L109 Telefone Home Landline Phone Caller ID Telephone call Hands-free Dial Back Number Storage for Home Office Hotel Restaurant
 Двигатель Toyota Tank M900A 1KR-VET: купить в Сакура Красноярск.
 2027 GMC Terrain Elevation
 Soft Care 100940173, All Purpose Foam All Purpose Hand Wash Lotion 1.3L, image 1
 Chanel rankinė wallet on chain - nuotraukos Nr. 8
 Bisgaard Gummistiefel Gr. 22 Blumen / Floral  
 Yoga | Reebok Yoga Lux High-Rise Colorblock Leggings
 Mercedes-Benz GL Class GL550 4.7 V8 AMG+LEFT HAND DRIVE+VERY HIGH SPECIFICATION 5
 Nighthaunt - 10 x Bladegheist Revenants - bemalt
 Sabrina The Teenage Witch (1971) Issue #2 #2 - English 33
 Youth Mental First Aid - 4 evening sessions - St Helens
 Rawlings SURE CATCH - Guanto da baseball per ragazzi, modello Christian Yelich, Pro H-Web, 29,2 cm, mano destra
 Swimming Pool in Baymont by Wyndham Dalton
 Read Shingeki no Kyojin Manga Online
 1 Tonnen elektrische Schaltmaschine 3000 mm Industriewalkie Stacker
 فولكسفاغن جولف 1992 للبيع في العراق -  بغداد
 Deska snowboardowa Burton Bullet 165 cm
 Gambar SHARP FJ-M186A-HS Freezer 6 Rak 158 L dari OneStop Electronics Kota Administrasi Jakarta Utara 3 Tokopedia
= = =
Problem requirements:
Please transcribe the records exactly from their first line through the line holding "Nighthaunt - 10", and leave out all others.

Response to the exercise:
L109 Telefone Home Landline Phone Caller ID Telephone call Hands-free Dial Back Number Storage for Home Office Hotel Restaurant
 Двигатель Toyota Tank M900A 1KR-VET: купить в Сакура Красноярск.
 2027 GMC Terrain Elevation
 Soft Care 100940173, All Purpose Foam All Purpose Hand Wash Lotion 1.3L, image 1
 Chanel rankinė wallet on chain - nuotraukos Nr. 8
 Bisgaard Gummistiefel Gr. 22 Blumen / Floral  
 Yoga | Reebok Yoga Lux High-Rise Colorblock Leggings
 Mercedes-Benz GL Class GL550 4.7 V8 AMG+LEFT HAND DRIVE+VERY HIGH SPECIFICATION 5
 Nighthaunt - 10 x Bladegheist Revenants - bemalt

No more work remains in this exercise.